Qu’est-ce que le vaudeville ? L’image qui vient à l’esprit de nos jours est celle de pièces de théâtre tournant autour du thème de l’adultère, reposant sur le comique de situation et les quiproquos amoureux, et poussant jusqu’à l’absurde la complication de ses situations. Des pièces dont l’auteur archétypal serait Georges Feydeau, l’auteur d’Un fil à la patte (1894) et du Dindon (1896).
Le vaudeville « à la Feydeau » n’est pourtant que l’aboutissement d’une très longue tradition théâtrale. L’origine du terme « vaudeville » est ancienne : d’origine normande, il désigne sous l’Ancien régime un type de chansons gaies et satiriques à la mélodie facile à retenir. Ce n’est qu’au XVIIIe siècle qu’il se fond avec le théâtre : proche de la parodie, les dialogues y sont chantés.
En 1792, à Paris, Pierre-Antoine-Augustin de Piis et Pierre-Yves Barré fondent ce qui deviendra une véritable institution, le Théâtre du Vaudeville. D’emblée, l’intention est claire : faire rire le public, comme le note alors Le Journal général de la cour et de la ville :
« Vouloir dérider le front rembruni des Français, placer le trait malin du Vaudeville à la place des pavots de la politique du coin, briser les augustes sonnettes de nos graves présidents nationaux avec la marotte de la folie, est un projet aussi louable que méritoire. MM. Piis et Barré se sont chargés de l’exécution de cette joyeuse entreprise. »

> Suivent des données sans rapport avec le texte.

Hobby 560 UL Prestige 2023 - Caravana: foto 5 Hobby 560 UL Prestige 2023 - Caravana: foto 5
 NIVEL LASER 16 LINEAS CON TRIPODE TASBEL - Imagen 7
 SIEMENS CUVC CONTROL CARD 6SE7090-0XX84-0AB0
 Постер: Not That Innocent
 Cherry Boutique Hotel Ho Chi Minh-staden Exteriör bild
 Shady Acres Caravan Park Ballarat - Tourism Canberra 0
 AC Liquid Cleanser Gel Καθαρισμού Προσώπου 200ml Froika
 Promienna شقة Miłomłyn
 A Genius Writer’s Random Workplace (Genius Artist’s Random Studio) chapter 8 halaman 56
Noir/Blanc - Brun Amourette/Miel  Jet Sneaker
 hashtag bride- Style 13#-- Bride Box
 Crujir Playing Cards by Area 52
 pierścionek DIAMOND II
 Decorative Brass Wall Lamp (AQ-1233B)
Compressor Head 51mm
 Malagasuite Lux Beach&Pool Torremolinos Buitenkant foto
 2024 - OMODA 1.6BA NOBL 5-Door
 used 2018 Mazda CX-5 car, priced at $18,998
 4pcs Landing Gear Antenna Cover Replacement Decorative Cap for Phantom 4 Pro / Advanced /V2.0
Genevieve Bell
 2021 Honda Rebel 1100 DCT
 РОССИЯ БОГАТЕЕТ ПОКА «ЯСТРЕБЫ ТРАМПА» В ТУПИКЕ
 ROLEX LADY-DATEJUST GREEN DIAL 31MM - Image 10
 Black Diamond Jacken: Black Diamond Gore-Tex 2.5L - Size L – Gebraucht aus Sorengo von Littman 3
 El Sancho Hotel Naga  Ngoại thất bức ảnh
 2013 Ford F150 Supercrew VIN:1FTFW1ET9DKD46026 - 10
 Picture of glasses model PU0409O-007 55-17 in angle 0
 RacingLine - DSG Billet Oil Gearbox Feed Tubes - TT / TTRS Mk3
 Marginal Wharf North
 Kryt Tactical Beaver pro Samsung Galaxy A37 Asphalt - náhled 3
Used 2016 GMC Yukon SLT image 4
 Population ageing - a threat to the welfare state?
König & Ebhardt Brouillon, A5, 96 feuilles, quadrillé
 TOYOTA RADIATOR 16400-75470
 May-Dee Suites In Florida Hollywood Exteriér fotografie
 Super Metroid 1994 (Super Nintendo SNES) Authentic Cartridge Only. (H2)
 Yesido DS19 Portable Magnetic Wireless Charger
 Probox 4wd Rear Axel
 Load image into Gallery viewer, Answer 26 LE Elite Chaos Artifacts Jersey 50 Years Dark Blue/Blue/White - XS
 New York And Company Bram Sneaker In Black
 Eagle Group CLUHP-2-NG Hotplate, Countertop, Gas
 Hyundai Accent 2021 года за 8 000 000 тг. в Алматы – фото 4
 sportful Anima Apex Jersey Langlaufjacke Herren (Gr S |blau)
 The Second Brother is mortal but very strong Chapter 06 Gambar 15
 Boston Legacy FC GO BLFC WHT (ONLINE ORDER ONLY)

A Paris également, le Théâtre des Variétés, inauguré en 1807, sera un haut-lieu du vaudeville. Le XIXe siècle verra le triomphe du genre, qui de simple pièce chantée évolue vers la comédie légère, parfois grivoise, mais toujours pleine de rebondissements burlesques. Sous la Restauration, un public nouveau, issu de la bourgeoisie, se presse dans les théâtres.
L’auteur-phare, à cette époque, est Eugène Scribe (1791-1861), dont les pièces à la mécanique millimétrée, empruntant parfois au genre surnaturel ou historique (Le Somnambule, La Dame blanche...), mais transformant surtout le vaudeville en comédie à la fois sentimentale et satirique, remportent un immense succès. Dans la France des années 1820, les pièces « à la Scribe » fleurissent, au point d’agacer une partie de la critique. Ainsi lit-on en 1828 dans Le Messager des chambres :
« Puisque l’occasion s’en trouve (deux vaudevilles nouveaux en un seul jour !) nous nous plaindrons encore des encouragements prodigués à cette littérature envahissante.
Le règne du vaudeville ne prépare-t-il pas en effet des jours de décadence pour l’art dramatique ? Tous les sujets, toutes les données comiques ne sont-ils pas dévorés par cette industrie qui réduit tout en jolis mots, et escompte ainsi l’action et les caractères ? [...]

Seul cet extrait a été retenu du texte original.